Businesses must face the possibility of robbery on their premises realistically, and they should give security training a high priority. Employees should be trained in the latest methods of robbery prevention, which will improve their chances for safety and their ability to provide information that could help in the apprehension of the criminal. In addition, this preparation can lessen the emotional after effects of being involved in an armed robbery.

Opening and closing procedures should be established. These could include:

  • Have several employees present when opening and closing the business.
  • Inspect the business for forcible entry before entering the business.
  • One employee searches the premises before admitting others. If all is clear, the employee entering the store first can signal the companion with some prearranged sign.
  • At closing make sure no one is hiding in the business.
  • At closing one employee can enter the parking lot first and can signal the companion with some prearranged sign if it is safe.

Every business should operate with a cash protection system. Each employee handling cash should be trained in the various possible types of attack, and the employee should follow good cash handling practices. The cash system should work two ways by protecting both lives and money. Periodic checks should be made to be sure all cash protection rules are being followed. By following these cash handling procedures, the business will make it a less attractive mark and limit the robber's profit while reducing the business' potential losses.

  • Keep a minimum of easily accessible cash on hand, both in cash drawers and in the safe. During evening and late night hours of operation, cash levels should be kept to a minimal amount per cash register ($50 or less) to conduct business. Transactions with large bills (over $20) should be prohibited. Use special quick-deposit drop safes in which money can be easily deposited when there is an accumulation of funds. Keep reserve funds locked in a money safe and deliver new funds only when required.
  • Use a money safe that requires more than one employee to open and remove daily receipts.
  • Always lock money safes after the day’s operating funds are obtained. Serious loss can be reduced by having special separately locked inner compartments or lockers where the change funds are maintained. Dual control of safes and two-key inner compartment money safes require at least two people to open the door, thus helping to prevent robberies.
  • Try not to open the cash safe too often. Do not maintain more surplus cash in the store than is absolutely necessary.
  • Always keep money out of reach of customers.
  • Make sure employees do not display large amounts of money. Cashiers should not balance their cash in the checkout area before closing. This procedure should be accomplished in an office or other secure area less visible and vulnerable than the checkout area. Bank teller station counters should be designed to keep cash out of sight.
  • Do not allow employees to count large amounts of cash in areas visible either to the public or to other employees. Large amounts of money exposed to view represent a temptation not only to robbers but to employees and customers alike.

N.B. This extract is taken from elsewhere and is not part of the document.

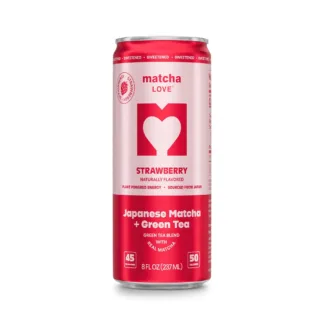 Strawberry-flavored matcha drink can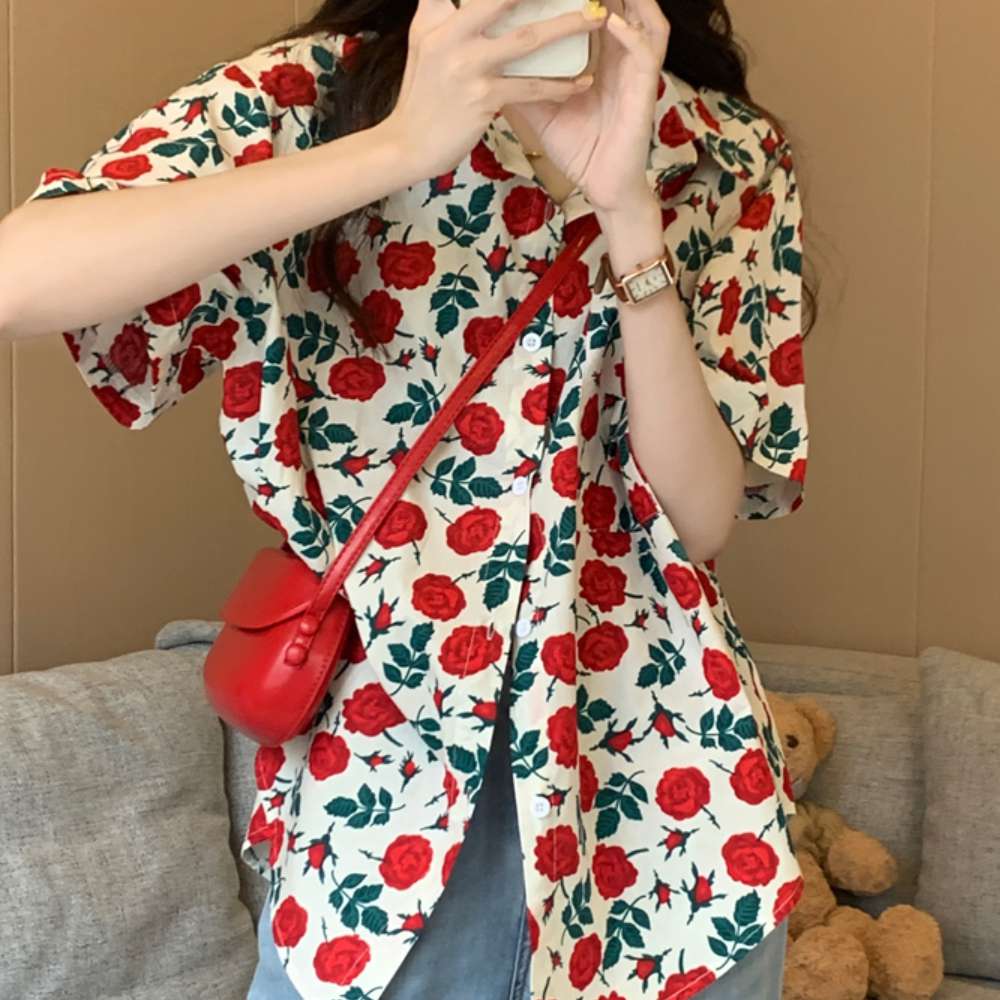 화이트 레드 꽃무늬 여성 캐주얼 데일리룩 반팔 셔츠 남방 J22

Exercise plenty of precautions when making bank deposits. These precautions include:

  • Try to make bank deposits during daylight hours with more than one person.
  • Vary the route to the bank.
  • Do not make any stops along the way.
  • Vary the time of day the deposit is made.
  • Disguise the currency bags in plain wrappings or in another container (i.e., brief case, etc.)
  • Vary the personnel doing the deposit, if possible.
  • Vary the vehicle used.
  • Request police or armed guard protection when handling or transporting large amounts of money.
  • Physical security measures include:

    • Maintaining a well-lighted interior visible from the street. Make sure signs, displays, plants, etc. do not obstruct the view from the street of the customer service area. Maintaining visibility into the business establishment at all times is important.
    • Physical barriers such as bullet-resistive enclosures between customers and employees provide the greatest protection for workers. Installing pass-through windows for customer transactions and limiting entry to authorized persons during certain hours of operation also limit risk.
    • Storage rooms that has a lock that can be opened from the inside. Robbers sometimes lock employees in storage rooms. Hide a key in the room if the lock cannot be opened from the inside.
    • Marking the edge of the doorway at varying heights to identify the height of a robber.
    • Mechanisms that permit employees to have a complete view of their surroundings such as convex mirrors, an elevated vantage point, and placement of the employee/customer service and cash register area so that it is clearly visible outside the retail establishment serve as deterrents.
    • Securing the teller and cashier operations. Install barriers to keep unauthorized persons out of these areas.
    • For secure areas, use doors and gates with latches that automatically lock on closing.
    • Install a timed delay switch to turn off exterior lights after the employees have gone for the night.
    • Prominently displayed surveillance camera equipment. Be sure to have the equipment serviced regularly and to only use video tapes the amount of times recommended by the manufacturer.
    • Use a dual key, drop or delay-action time-lock safe.
    • A silent alarm system. This alarm system could incorporate a daytime holdup feature that reports to a remote supervised area.
    • Make sure employees know how and when, and when not, to activate the alarm.
    • Could be unobtrusively activated by an employee who is forced to open the safe or vault.
    • Including standby power and transmission method, should be tested periodically. When accidentally set off or when it malfunctions, it should be reported immediately to the police to insure an adequate response.
    • Should be taught to new employees and periodically reviewed with those employees who need to know.
    • Seldom used rear and side doors, windows, and other accessible openings should be kept locked always. Doors should have viewers. Doors used for deliveries should be locked when not in use.
    • Maintain good exterior lighting. Adequate outside lighting of the parking area and approach to the business during nighttime hours of operation enhances employee protection.
    • Surveillance lighting to detect and observe pedestrian and vehicular entrances of the business can also help. Adequate lighting within and outside the establishment makes the store less appealing to a potential robber by making detection more likely.
    • All shrubbery and trees, that a criminal could use to hide, should be cut back and maintained.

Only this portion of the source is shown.